Adenosquamous carcinomas (ASCs) are a very rare histology containing cancer cells with both glandular-like (adeno) and squamous cell histologies, comprising typically a fraction of a percent of all solid tumors. The bulk of the literature on ASCs is comprised of case reports and small series, with the general finding that ASCs tend to have worse outcomes than either of their parent histologies. However, there is a lack of pan site-comparative studies in the literature that compare ASC clinicodemographic and survival outcomes with those of conventional adenocarcinomas (ACs) and squamous cell carcinomas (SCCs).
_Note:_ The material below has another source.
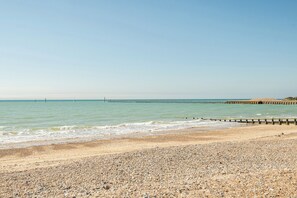 A pebbly beach with a wooden pier extending into the water. - Marine Court Ground-floor Accessible Twin (Littlehampton)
In this study, we summarize these outcomes in eight primary sites, comprising 92.7% of all ASC cases diagnosed from 1975 to 2020 in the Surveillance, Epidemiology, and End Results (SEER) database. Lung ASCs comprise 51.5% of all ASC cases, accounting for 1.1% of all lung cancer cases, followed by uterine/cervical cancers at 29.7% of all ASC cases, translating into 1.8% of all cancers in this site. In descending order, the remaining 20% of ASCs arise in pancreatic, oral cavity, biliary, esophageal, colorectal, and gastric sites, comprising between 0.1% and 0.7% of all cancers in these sites. Apart from pancreatic and oral cavity cancers, ASC tumors tended to favor higher rates of regional or distant disease at presentation with poor tumor differentiation compared to either AC or SCC histologies. After multivariable analysis, adjusting for age, sex, detection stage, grade differentiation, surgery, chemotherapy, and radiotherapy, except for oral cavity cancers, ASCs tended to have worse overall survivals compared to ACs (hazard ratios: 1.1 - 1.6) and SCC (1.0 - 1.3), with colorectal ASCs having the worse overall survival compared to colorectal ACs, with a hazard ratio of 1.4 (95% confidence interval: 1.3 - 1.6). Overall, these results suggest that ASC outcomes are site specific, and in general, tend to have worse outcomes than nonvariant ACs and SCCs even after correction for common clinical and epidemiological factors. These cancers have a poorly understood but unique tumor biology that warrants further characterization.